(Pictures with short captions)
----------------

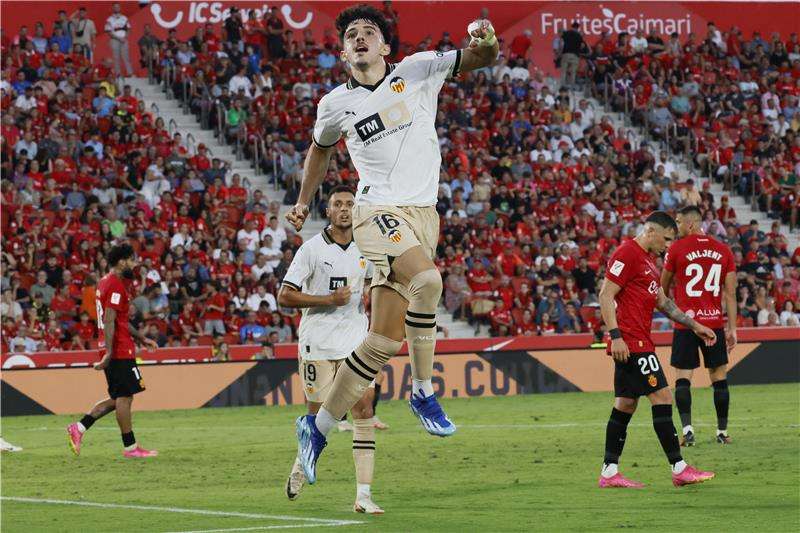 جانب من المباراة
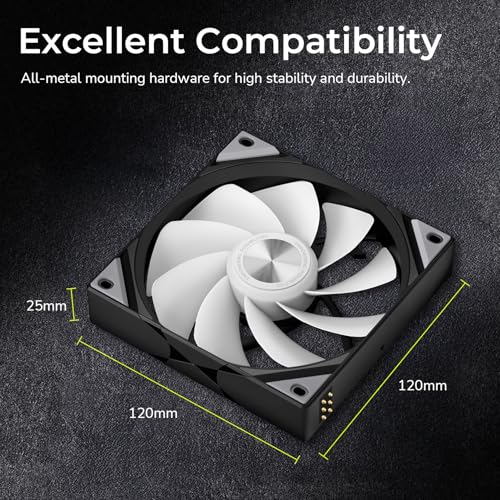 Tryx 120mm Case Fan Reverse Blade ARGB PC Computer Quiet Fan 3in1 Cooler, Upgraded Pogo-Pin Connection with Magnetic Cable，ARGB Gen2 LEDs，New Version ROTA SL，Black - color: 3in1 Black, size: Reverse Fan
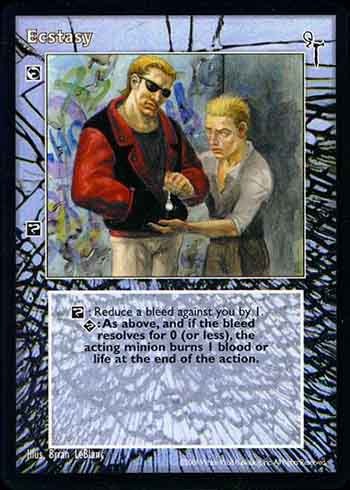 Ecstasy - Reaction - Vampire VTES - Imagen 7 de 10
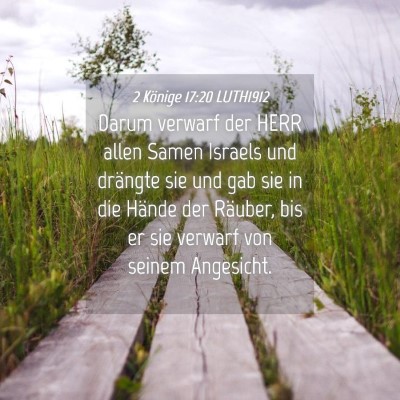 Picture 04 - 2 Könige 17:20 LUTH1912 - Darum verwarf der HERR allen Samen Israels und - Bible Verse Picture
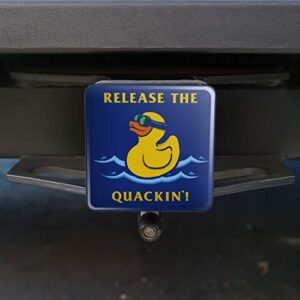 Release The Quackin' Kraken Rubber Duck Funny Humor Tow Trailer Hitch Cover Plug Insert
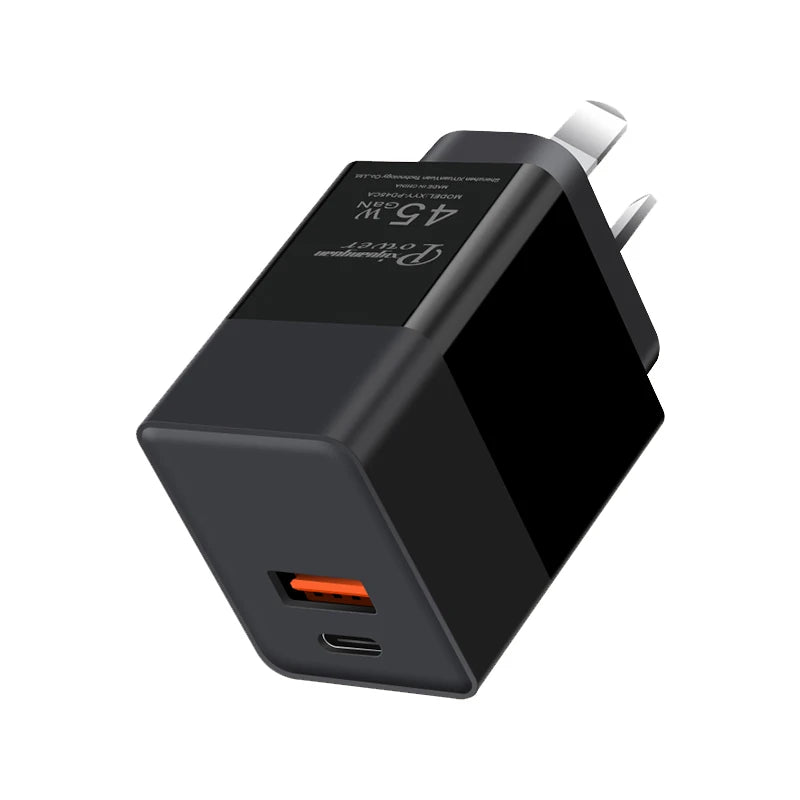 USB charger fast charging 45w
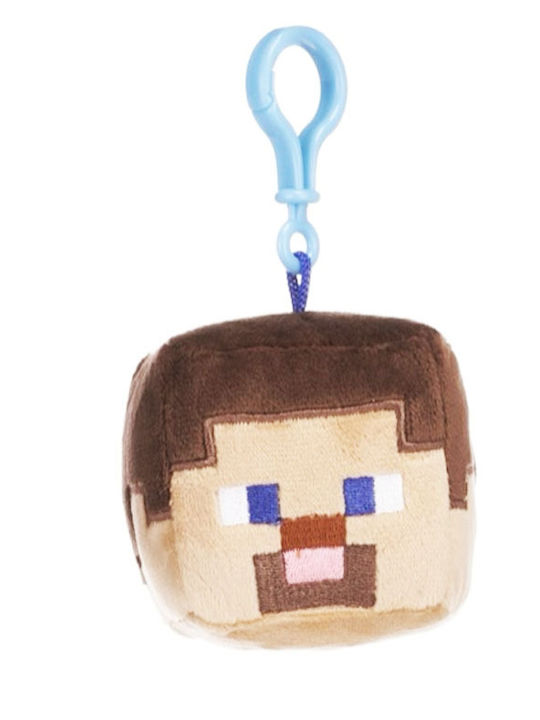 Keychain Steve Cube Minecraft Green Plush 6cm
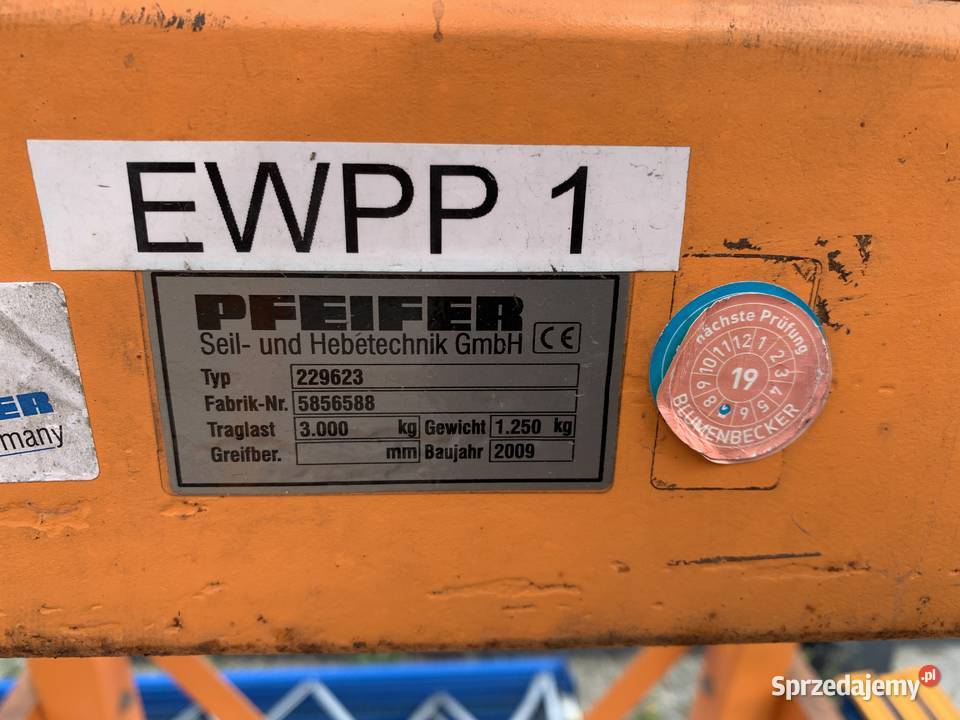 Trawersa uchwyt do transportu kręgów blachy 30T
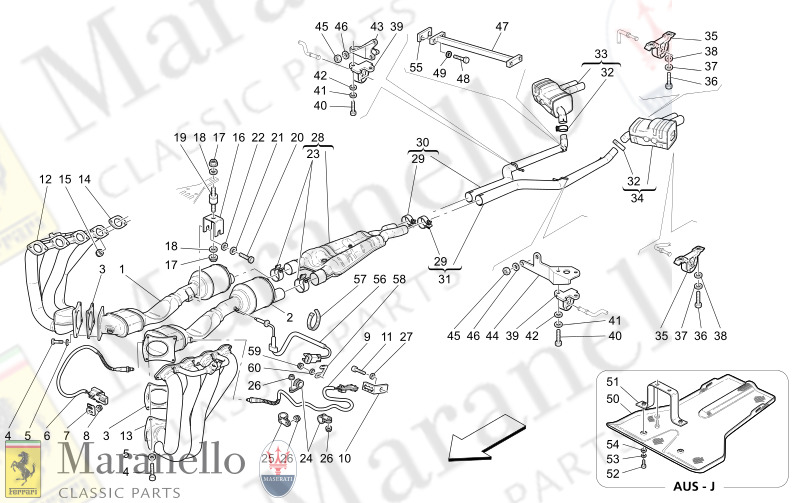 M1.82 - 1 EXHAUST SYSTEM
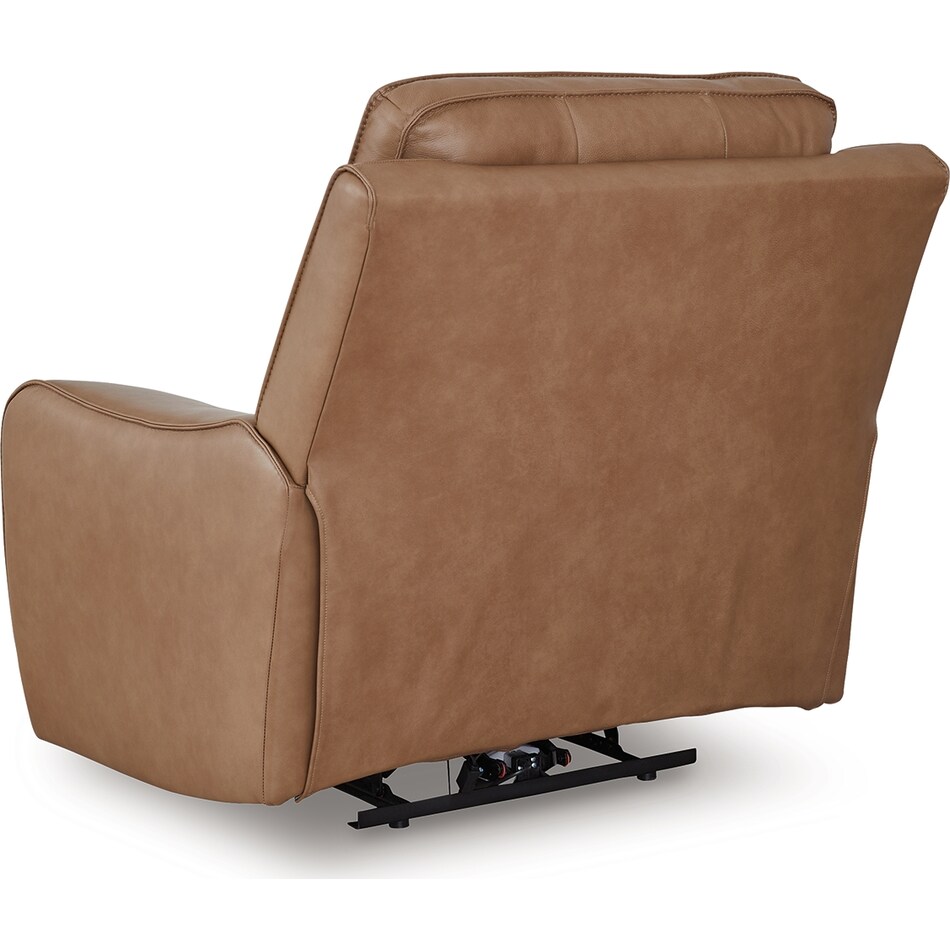 silverbrooke caramel power leather recliner   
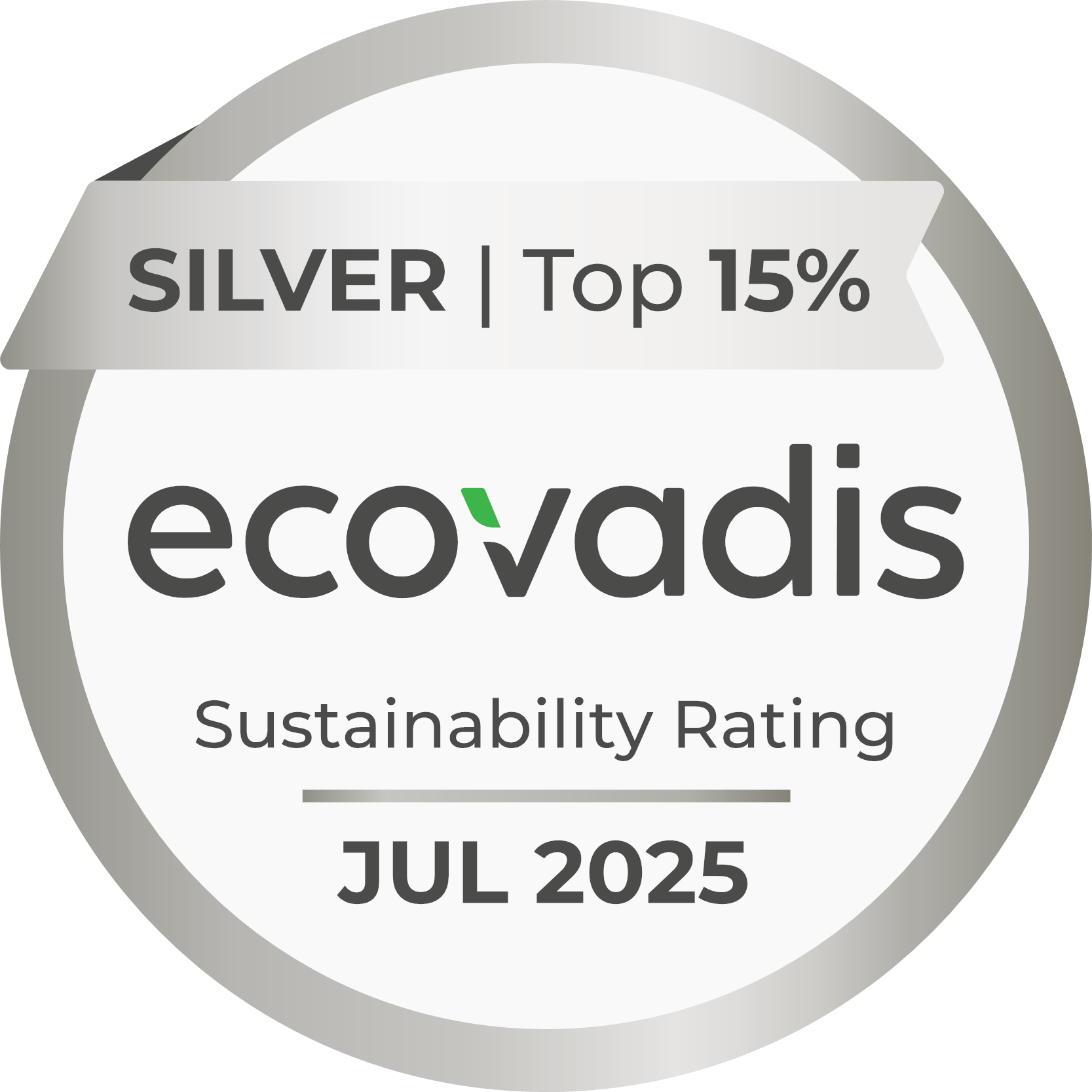 EcoVadis Silver Badge 2025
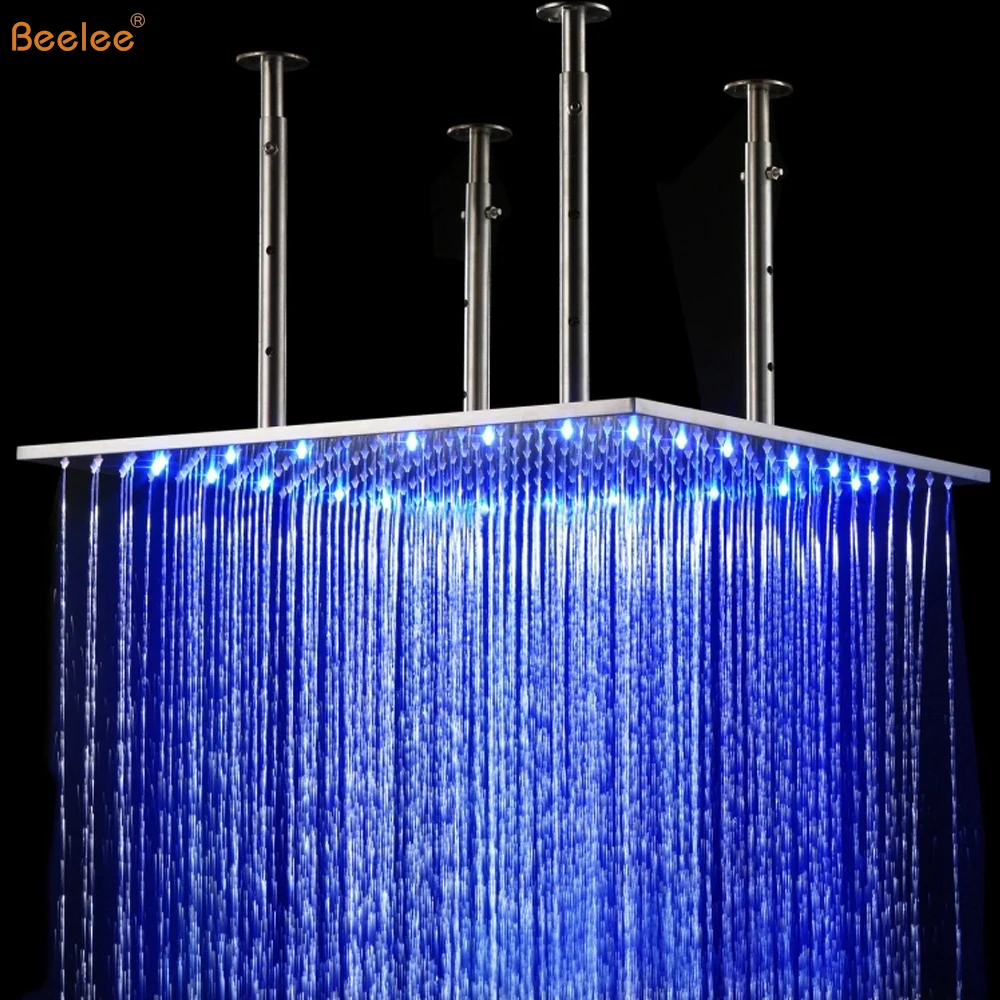 Beelee Big Ceiling Mounted Bathroom Shower Stainless Steel Rainfall Led Rain Shower Head Buy Led Rain Shower Bathroom Shower Stainless Steel Big Rain Shower Head Product On Alibaba Com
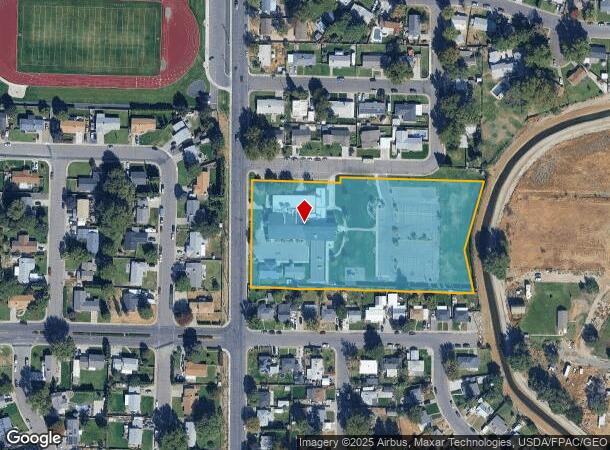 1409 S Garfield St, Kennewick, WA Parcel Map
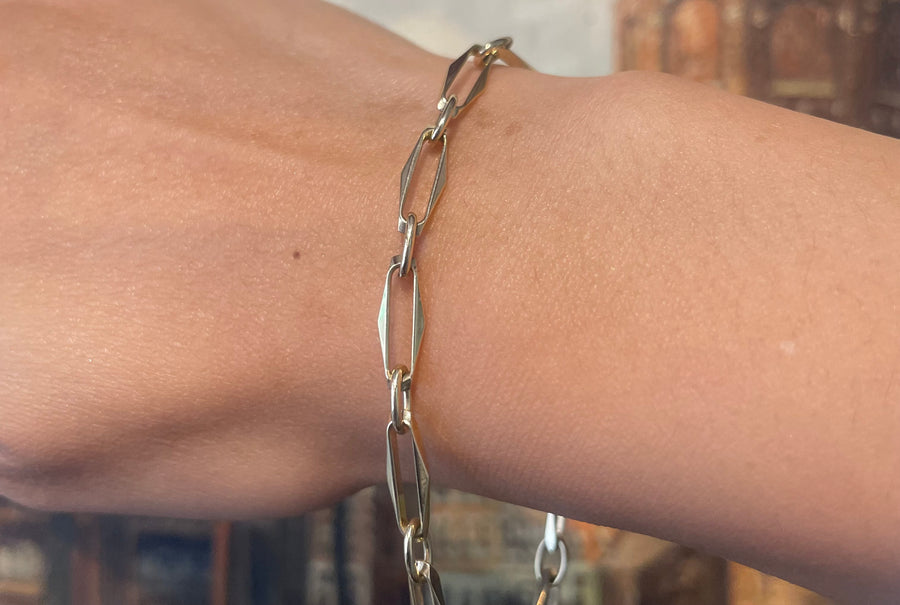 Forever closed braclet in 14 carat gold-Bracelets-The Antique Ring Shop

----------------

Problem to work on: From the first line to the last, copy the records above exactly and drop any pictures.

Result of the task:
 جانب من المباراة
 Tryx 120mm Case Fan Reverse Blade ARGB PC Computer Quiet Fan 3in1 Cooler, Upgraded Pogo-Pin Connection with Magnetic Cable，ARGB Gen2 LEDs，New Version ROTA SL，Black - color: 3in1 Black, size: Reverse Fan
 Ecstasy - Reaction - Vampire VTES - Imagen 7 de 10
 Picture 04 - 2 Könige 17:20 LUTH1912 - Darum verwarf der HERR allen Samen Israels und - Bible Verse Picture
 Release The Quackin' Kraken Rubber Duck Funny Humor Tow Trailer Hitch Cover Plug Insert
 USB charger fast charging 45w
 Keychain Steve Cube Minecraft Green Plush 6cm
 Trawersa uchwyt do transportu kręgów blachy 30T
 M1.82 - 1 EXHAUST SYSTEM
 silverbrooke caramel power leather recliner   
 EcoVadis Silver Badge 2025
 Beelee Big Ceiling Mounted Bathroom Shower Stainless Steel Rainfall Led Rain Shower Head Buy Led Rain Shower Bathroom Shower Stainless Steel Big Rain Shower Head Product On Alibaba Com
 1409 S Garfield St, Kennewick, WA Parcel Map
 Forever closed braclet in 14 carat gold-Bracelets-The Antique Ring Shop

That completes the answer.